# [Star Wars] The "Obi-Wan is Vader" Hypothesis



## Tom Cashel (May 17, 2002)

I've been seeing lots of cryptic references to this hypothesis, but I don't see much in the films to back it up.  What's the evidence?  What's the story?


----------



## A2Z (May 17, 2002)

I thought Obi-Wan was really the Emperor.


----------



## el-remmen (May 17, 2002)

No, Dude . . R2-D2 is a Jedi Master.  There is PLENTY of evidence for this 


Really. . .


----------



## A2Z (May 17, 2002)

nemmerle said:
			
		

> *No, Dude . . R2-D2 is a Jedi Master.  There is PLENTY of evidence for this
> 
> 
> Really. . . *



Riiiight... and Padme's Tarkin... wait a minute. I think I'm on to something.


----------



## Tom Cashel (May 17, 2002)

Yeah, I kinda figured it was gonna be something like that...

Did you guys hear what happens in Epi.

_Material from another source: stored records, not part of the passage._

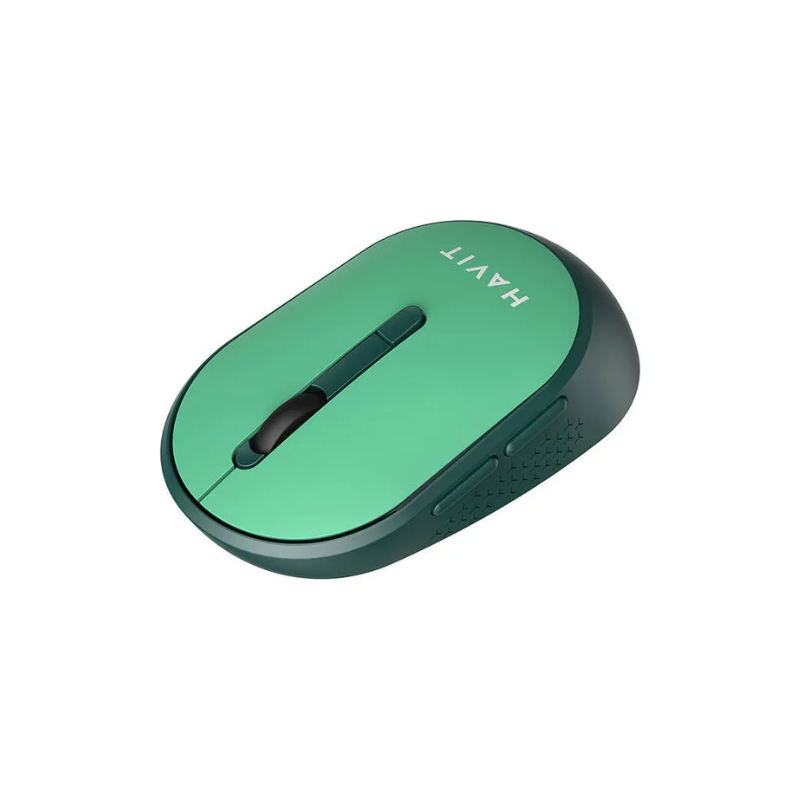 HAVIT MS78GT WIRELESS MOUSE (GREEN)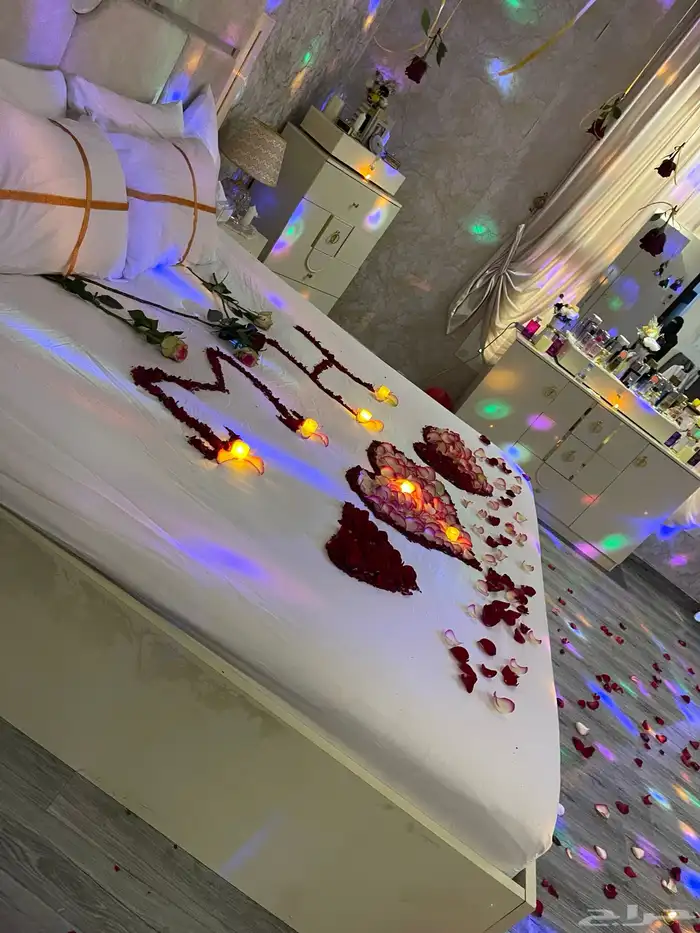 تنسيق غرفة النوم الرياض 13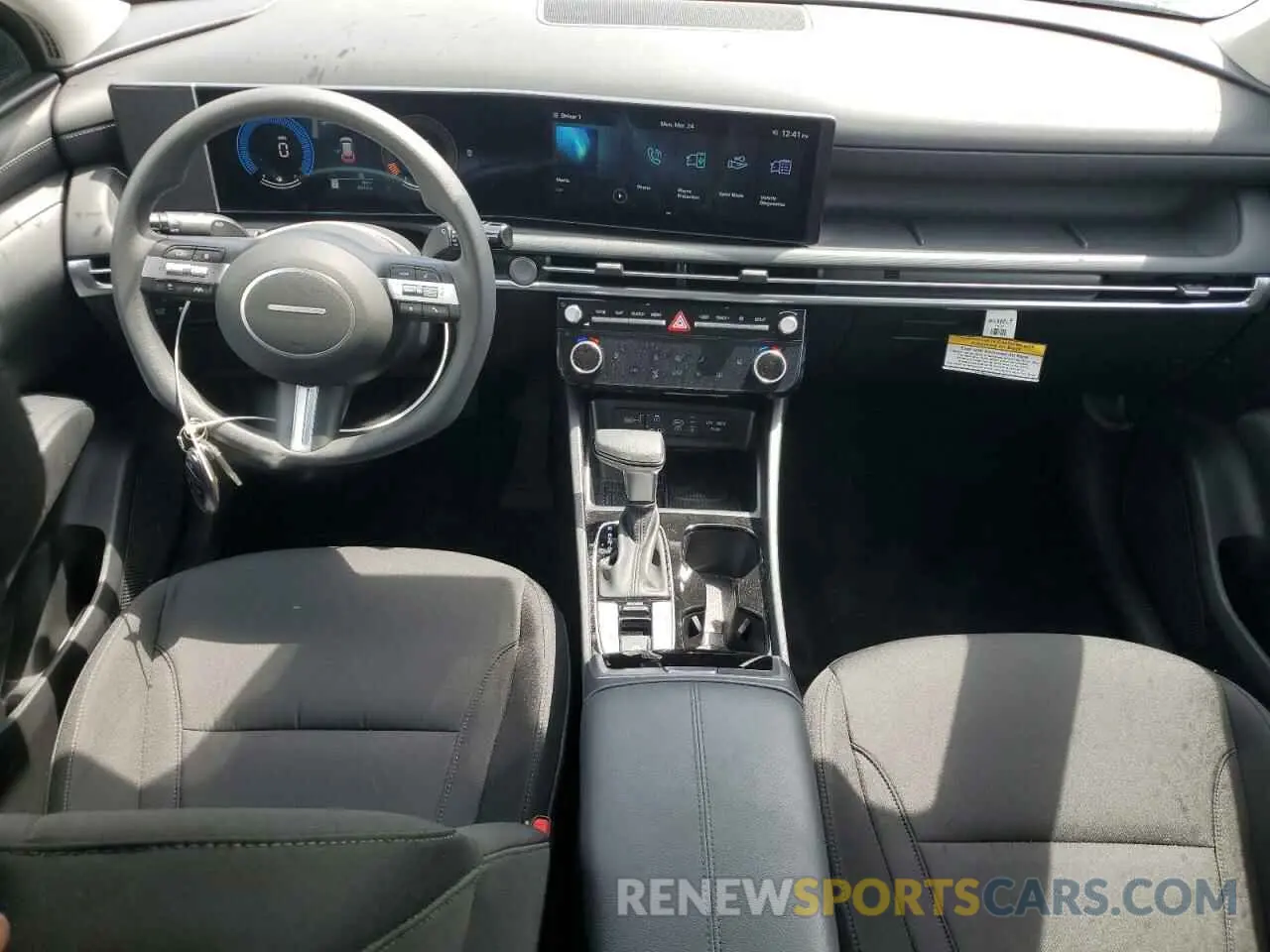 8 Фотография поврежденного автомобиля 5NMJB3DE8SH493774 HYUNDAI TUCSON 2025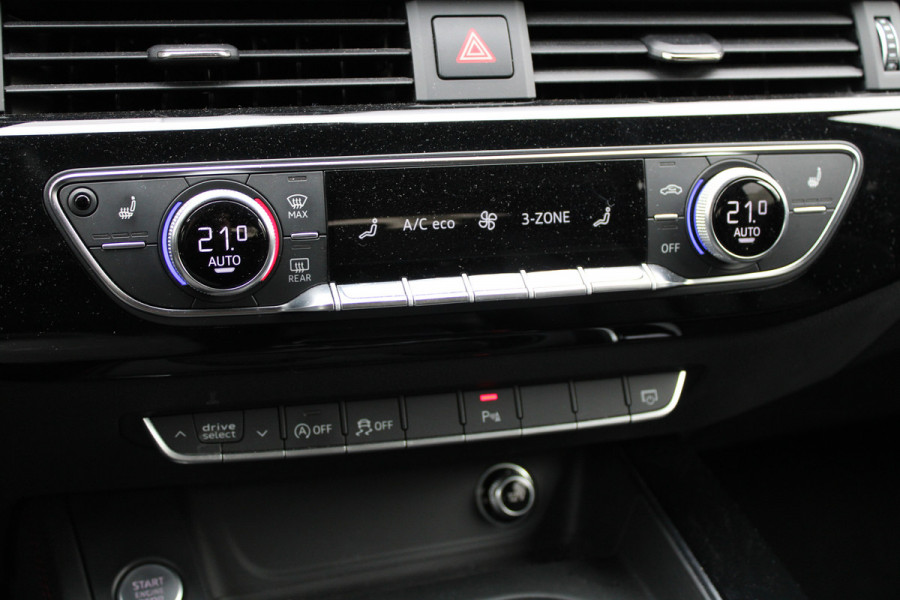 Audi A4 Avant 2.0 TFSI MHEV quattro Sport S line black edition | 3X S-LINE | KEYLESS | DIGITAL DASH | ACC | CAMERA | VOL LEDER |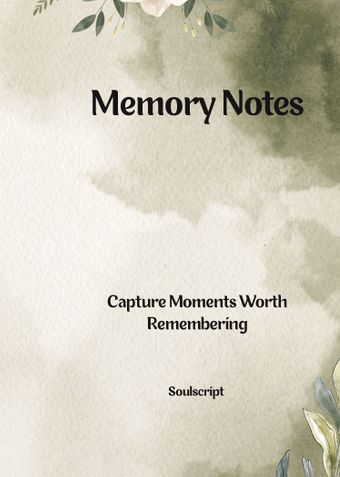 Memory notes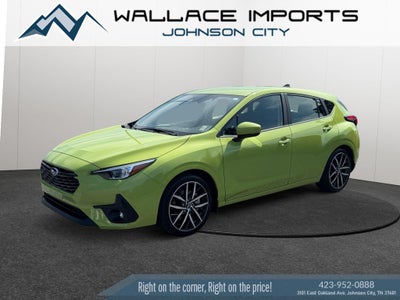 2026 Subaru Impreza Sport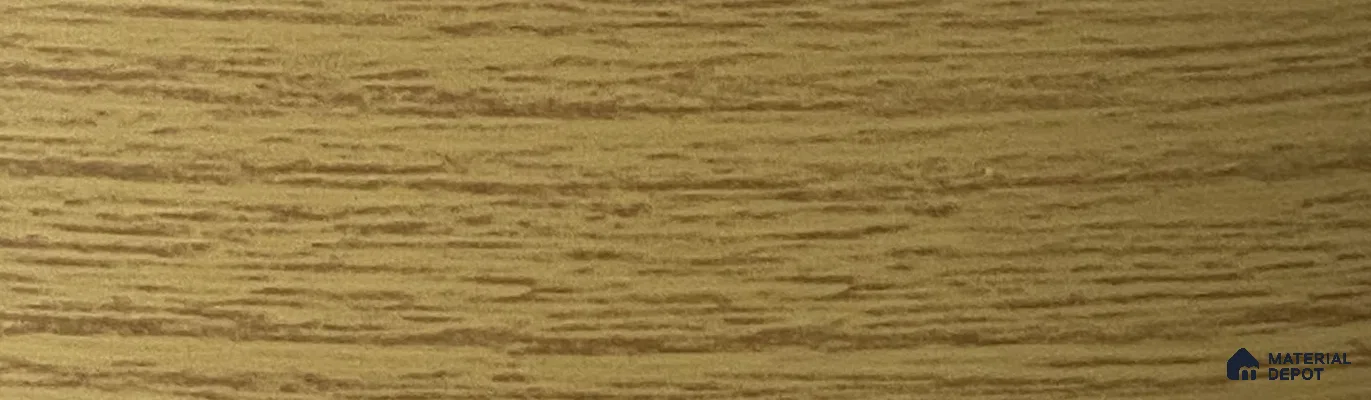 204 Wooden Matt Series 30x2 mm Matte Finish Edgeband - 1 Metre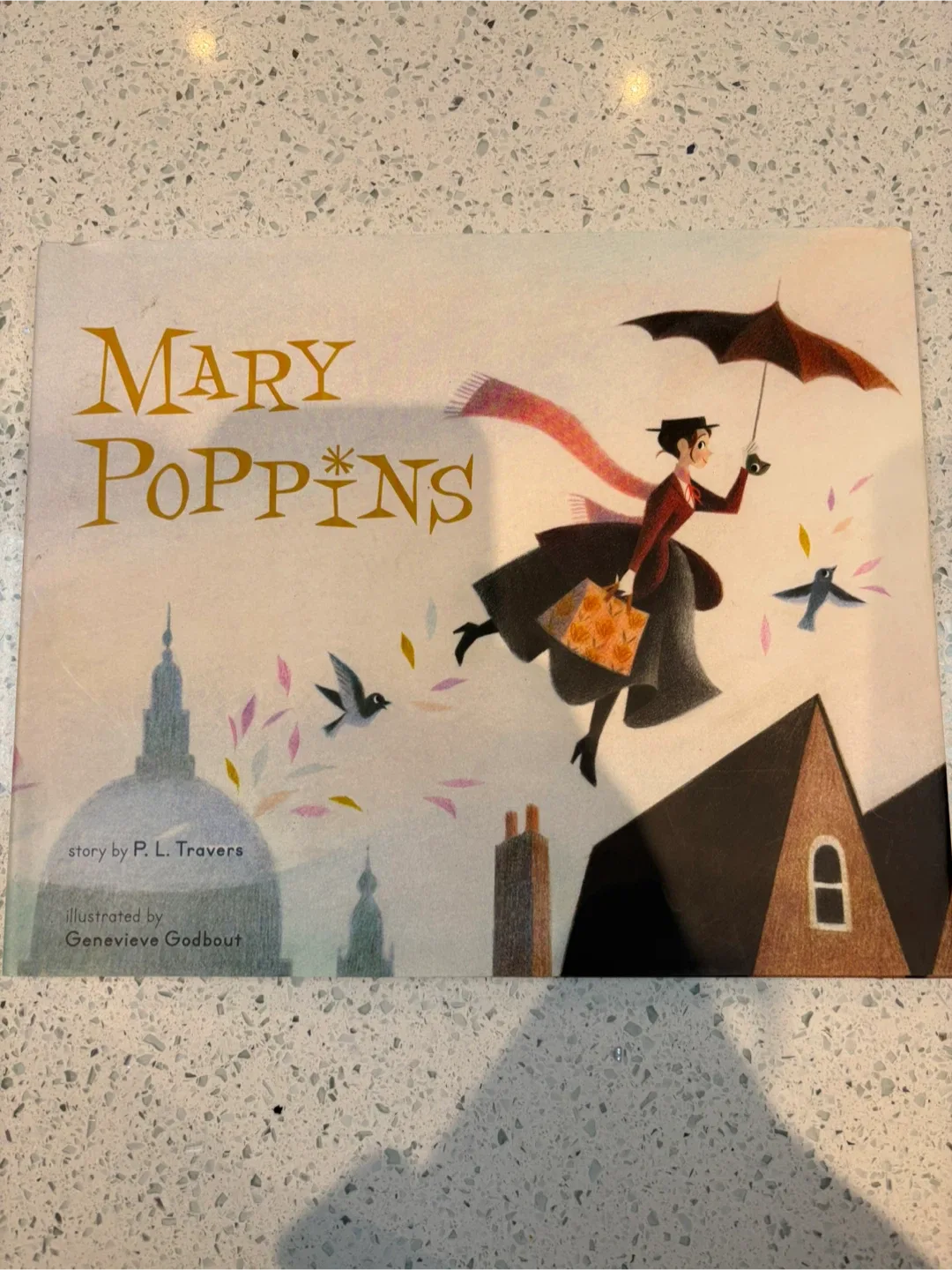 $5 Children's Books - Oliver Jeffers, Mary Poppins, Jon Klassen image indicator(3)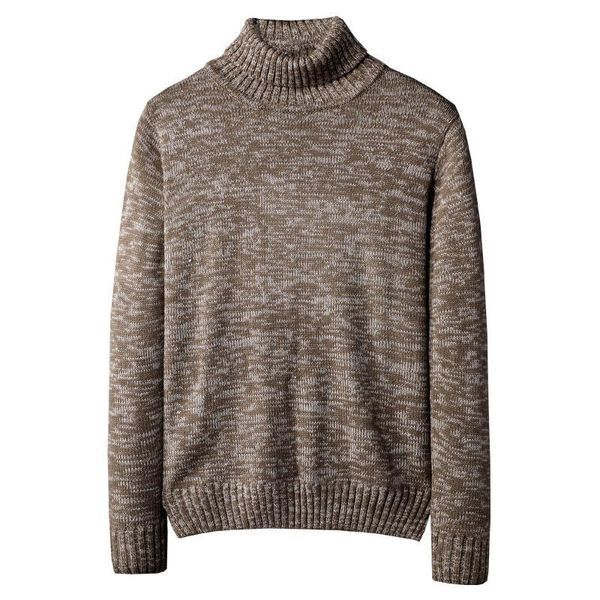 men's sweaters fashion turtleneck 2021 est autumn winter men warm sweater comfortable pullover casual mens coat clothing, White;black
men's sweaters fashion turtleneck 2021 est autumn winter men warm sweater comfortable pullover casual mens coat clothing, White;black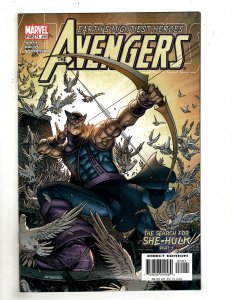 Avengers #74 (2004) OF35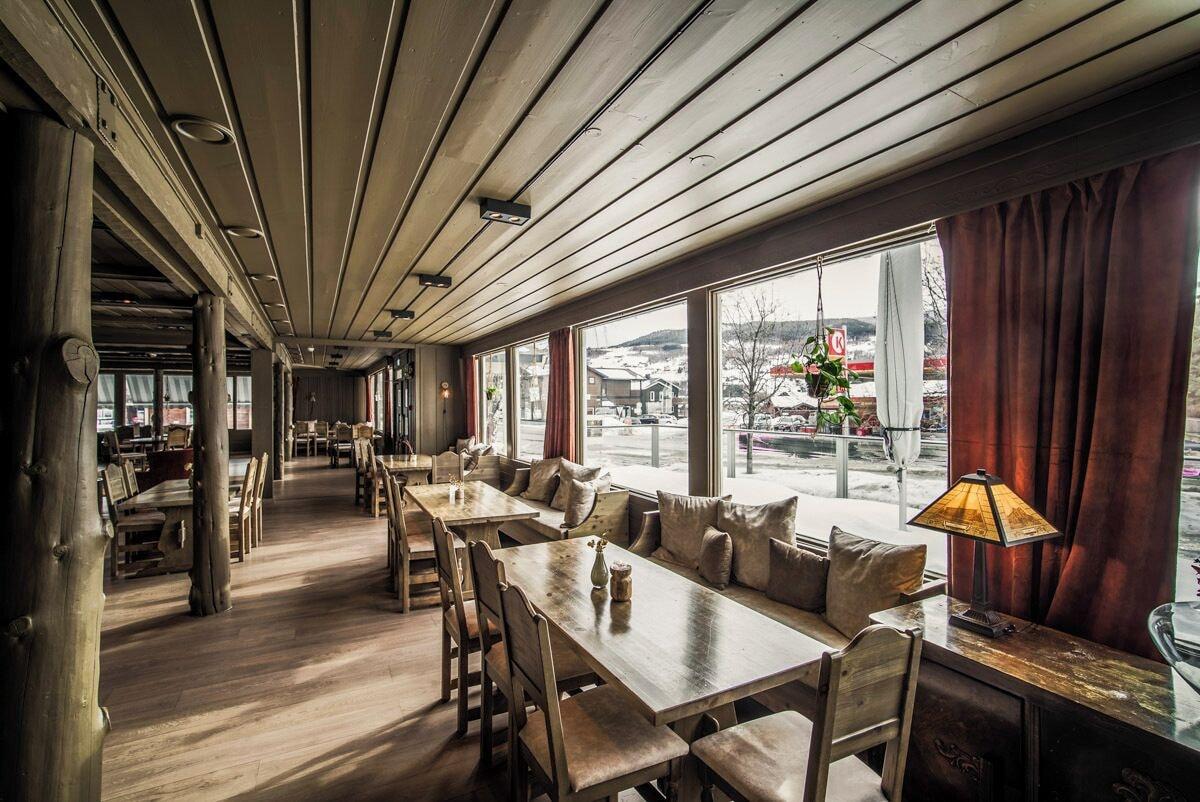 Restaurant Villa Vågå - by Classic Norway Hotels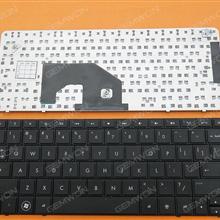 HP MINI 210-1000 BLACK US 587829-001 594706-001 AENM7U00210 SG-35400-XUA Laptop Keyboard (OEM-B)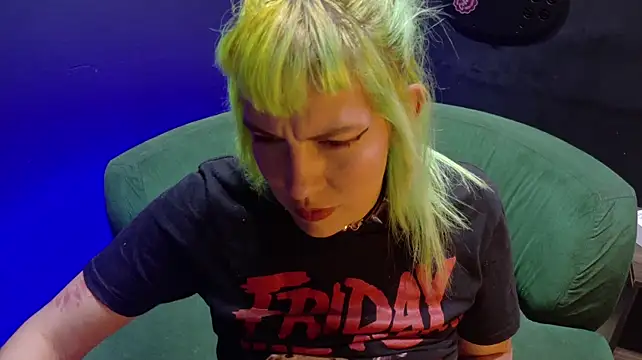 BlairVixen - FULL NAKED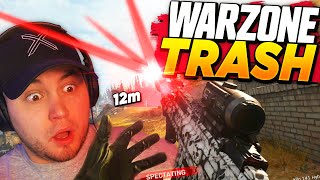 I Spectated the WORST Warzone Player in the World...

III?  The disgraced Jar-Jar sinks into an alcoholic depression and lets his beard grow.  Unfortunately, Gungans' beards cover their entire body--when Jar-Jar returns from skid row he has changed his name to (you guessed it)...

"Chewbacca."


----------



## Sodalis (May 17, 2002)

the older anikin is really a clone. If you noticed, ani at ten yrs had straight blonde hair.  the 20 yr old ani has wavy hair.  That proves that he really died in the pod race on tatooine and the emperor cloned him to lead the jedis into a trap, and also to make a protege for himself.  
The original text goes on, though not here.